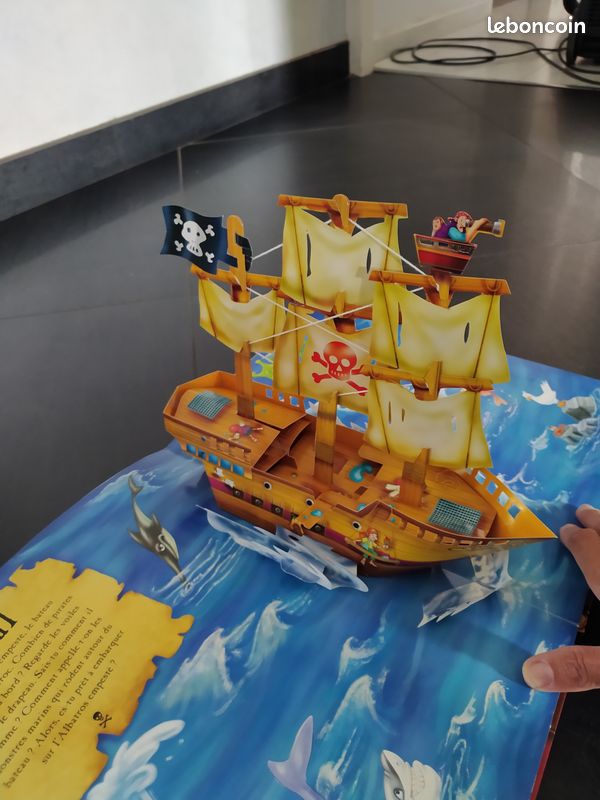 Livre sur les pirates (image 1)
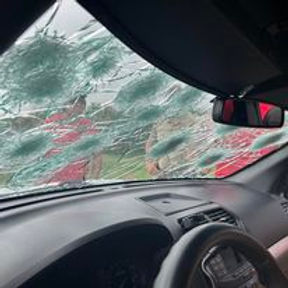 car8.jpg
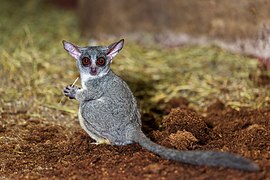 Galago senegalensis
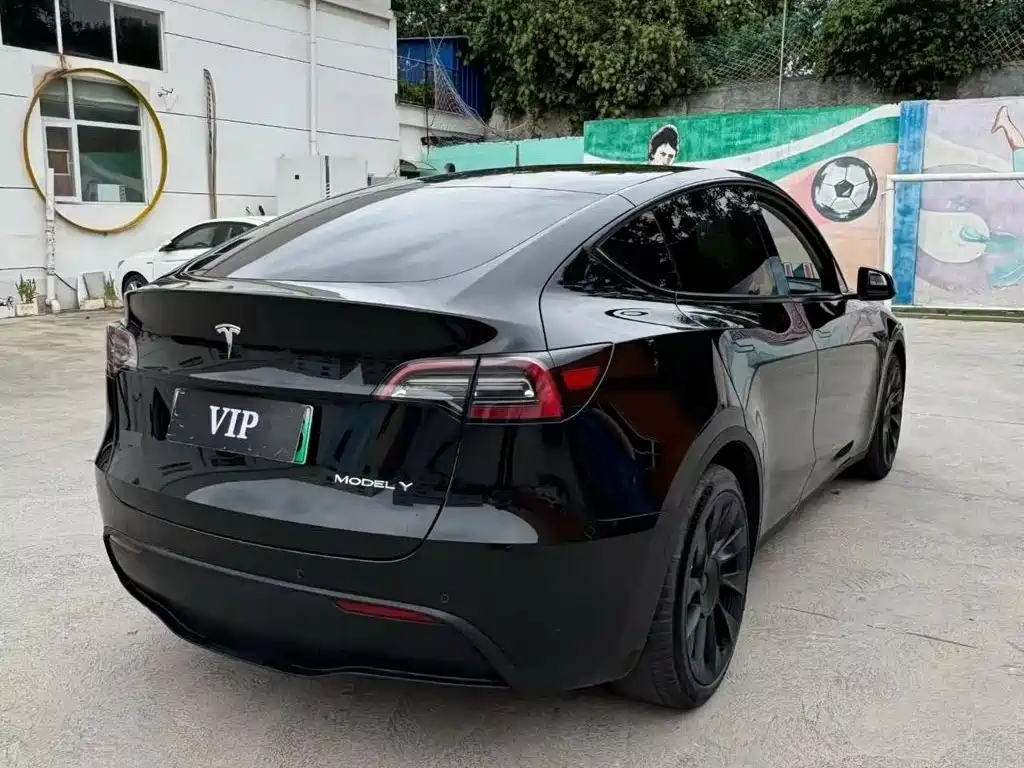 Tesla Model Y — миниатюра 4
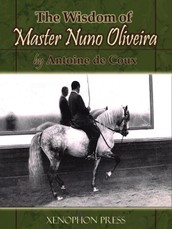 Wisdom of Master Nuno Oliveira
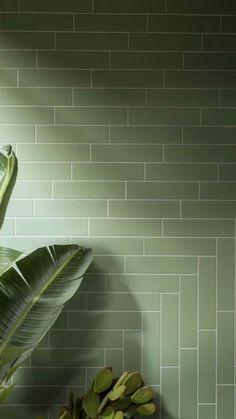 a green tiled wall next to a potted plant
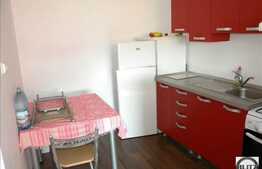 Apartament 2 camere, semidecomandat, imobil nou, 56 mp, zona strazii Horea!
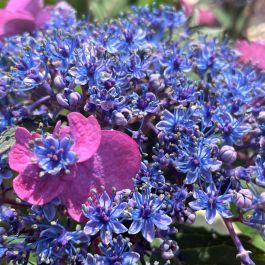 Tuff Stuff Hydrangea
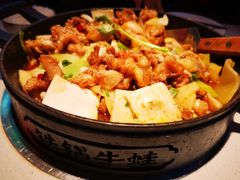 -蛙宝厨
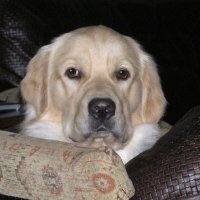 myaka (@myaka) 's Twitter Profile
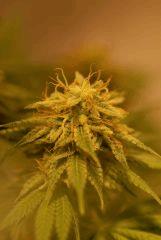 AcapulcoMiniBud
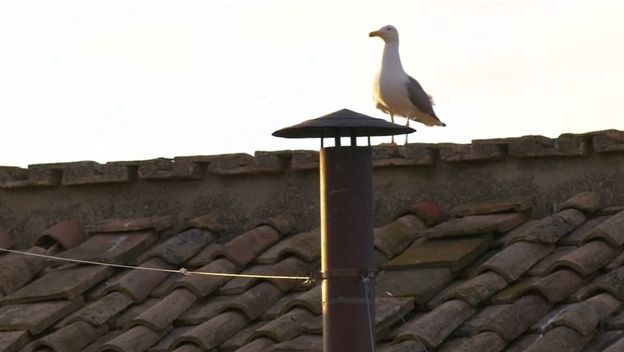 Dimnjak u Vatikanu s galebom - 2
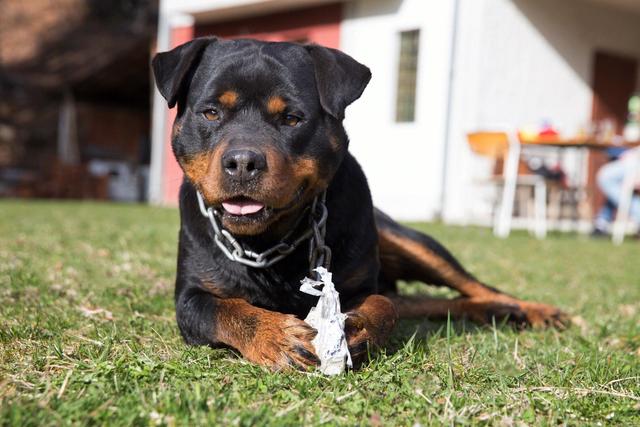 一只小罗威纳犬多少钱罗威纳幼犬多少钱一条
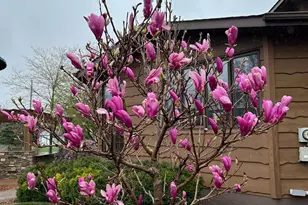 1730 Stone Ave, Benson, MN 56215 - Photo 48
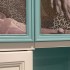 Молдинг из дюрополимера Orac Decor PX117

=======

# Exercise objective:
Please copy, exactly as written, the lines from the one that contains "AcapulcoMiniBud" through the end of the records, both ends included. Do not include the pictures.

# The completed task:
 AcapulcoMiniBud
 Dimnjak u Vatikanu s galebom - 2
 一只小罗威纳犬多少钱罗威纳幼犬多少钱一条
 1730 Stone Ave, Benson, MN 56215 - Photo 48
 Молдинг из дюрополимера Orac Decor PX117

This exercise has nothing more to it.